Women in Civil Society
Prior to the mid 19th century, women were excluded from civil society. This is a product of the patriarchal power in the family, one that has directly translated into the belief that women are naturally inferior to men (Alexander 2006). Women were thought to possess fundamentally different qualities, such as being weaker, more emotional, and their role was exclusive to the domestic sphere. These are considered primordial traits, traits that are innate to women and dictate their position in society, or rather that their position should remain outside of society and remain within the home. It is for this reason that many elections took place before the 19th amendment was passed and women were given the right to vote. Anti-suffragists argued that women did not want to vote, and that their position within the household consumed enough of their time and energy that they did not want to stay updated on politics, while others argued that women lacked the mental capacity to be an informed voter (Lange 2015). The suffrage movement represents a certain version of civil society that exists within a certain time and place, one that has changed as members of civil society have altered their perceptions of what qualities are necessary to be a member of civil society.
The suffrage movement marks an important moment in the history of civil society as it serves as a documentation of the first step to integrating women within civil society and a change in what qualities are deemed necessary to be a member. Women organized marches, utilizing communicative institutions to garner support for change and the revision of history, and the 19th amendment followed as a regulatory institution to make women’s exclusion from civil society illegal. Despite the official and legal integration of women into men’s space within the voting booths and in the broader civil society, it has taken years for familiarity to follow. Alexander writes, “Long term presence in the essentialized place can cleanse and purify primordial qualities, allowing what were once considered fundamentally different characteristics to be seen, instead, as variation on a common theme” (Alexander 2006) Over time, men have mentally adjusted to women’s involvement in civil society, and they generally see the differences between men and women to be far less significant.

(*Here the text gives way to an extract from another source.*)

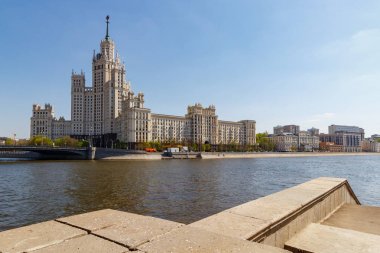 Moskova, Rusya - 01 Mayıs 2019: Kosmodamianskaya seti ve Moskva nehri arka planında Moskova'daki Kotelnicheskaya seti üzerinde yüksek katlı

Rather than possessing fundamentally different characteristics, men and women vary merely by genitalia, and as time progresses even this variation has been contested.
Alexander, Jeffery. 2006. The Civil Sphere. Oxford University Press.
Kreps, Donna. 2020. “Why the History and Significance of Women’s Suffrage Matters Today” Talk to Tucker. August 27. Retrieved March 1 2023
Lange, Allison. 2015. “National Association Opposed to Woman Suffrage” Crusade For the Vote. Retrieved March 1 2023.